39% of manufacturers interviewed experienced a cybersecurity breach in the past year. Nearly half of the executives acknowledging that they weren’t filly confident that their manufacturing business was protected from outside threats, according to Cyber Risks in Advanced Manufacturing, a report from the consulting firm Deloitte and the industry association Manufacturers Alliance for Productivity and Innovation (MAPI).
This report continues to state that your manufacturing business is specifically vulnerable to cyber-attacks because of the influx of new and emerging technologies, such as sensors, “smart” products, analytics, and the IoT. Your new technological advances are creating new and complex security risks that you as a manufacturers haven’t ever had to deal with.
Here are some of the studies suggestions for improving your cybersecurity:
- While deploying new and emerging technologies, your team should be creating risk management strategies for enterprise systems.
- Assemble a “cyber risk” team that takes security father than just employing a chief information security officer.
- Cultivate situational awareness and threat intelligence. This will help to identify potential cyber risks to your manufacturing business and how your people are actually making your organisation vulnerable.
- Have an aftermath action plan to help your business return to “business as usual,” as quickly as possible after the incident.
- Implement monitoring mechanisms for your high-risk networks, systems, and data. This will alert you to abnormal activity.
- Perform regular risk assessments on your enterprise systems, industrial control systems and connected products. You should bring in an outside expert to perform this assessment to ensure you receive objective advice and feedback that will incorporate the latest cybersecurity best practices.
- Keep your employees in the loop, and ensure they are aware of their responsibilities for helping to mitigate risks. Remind them to look out for phishing scams and other forms of social engineering, while protecting intellectual property and sensitive data. You should also have a clear and effective procedure in place should your team members wish to report unusual activity or other areas of concern.
Protecting your manufacturing IP
Ensuring the safety of your manufacturing IP is a challenging area, and there isn’t a blanket solution for the entire sector.

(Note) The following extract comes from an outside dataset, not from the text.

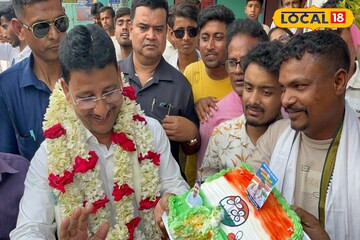 'এবার আর লাইট অফ হবে না, জয়ও আসবে না'! হাঁসন থেকে কাজলের টার্গেটে শুভেন্দু!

Traditional security measures are necessary, but are no longer fully effective, which means you’ll need to make a fundamental shift in your cyber security method.
Deloitte recommends applying layered security controls, while considering the risks and threats both externally and internally to the organisation. This approach will assist you with understanding who would cyber-attack your business, and how they would go about do this.
Consider it like a counter-terrorism unit, planning for every eventuality, making note of every vulnerability and putting strategies in place to bolster those areas. Then starting again, constantly checking systems and networks for weaknesses and fixing them.
“The biggest mistake I see routinely is an overemphasis on vulnerabilities in cyber-risk assessments, rather than attacks. The thinking seems to be, “if we can eliminate all vulnerabilities, then we are completely secure.” This quickly evolves into, “quick, patch all the software.” There are many more vulnerabilities in most manufacturing networks than there are known bugs in software,” explains Andrew Ginter, vice president of industrial security at Waterfall Security Solutions.
He continues to say that you, as a manufacturer, need to introduce attack specialists into your risk assessments to test your cyber security against their expertise. “Show them the physical and cyber designs for your manufacturing systems, explain the worst physical consequences, and ask how they would attack your systems to bring about those consequences,” he advises.
“When attack specialists come up against firewalls, they call on their pivot-through-firewall tools. When attack specialists come up against unidirectional gateways, they throw out entire categories of attacks and tools that are no longer feasible through the gateways. To design credible defences, we need to understand what attack tools and techniques our enemies are using,” Ginter advises.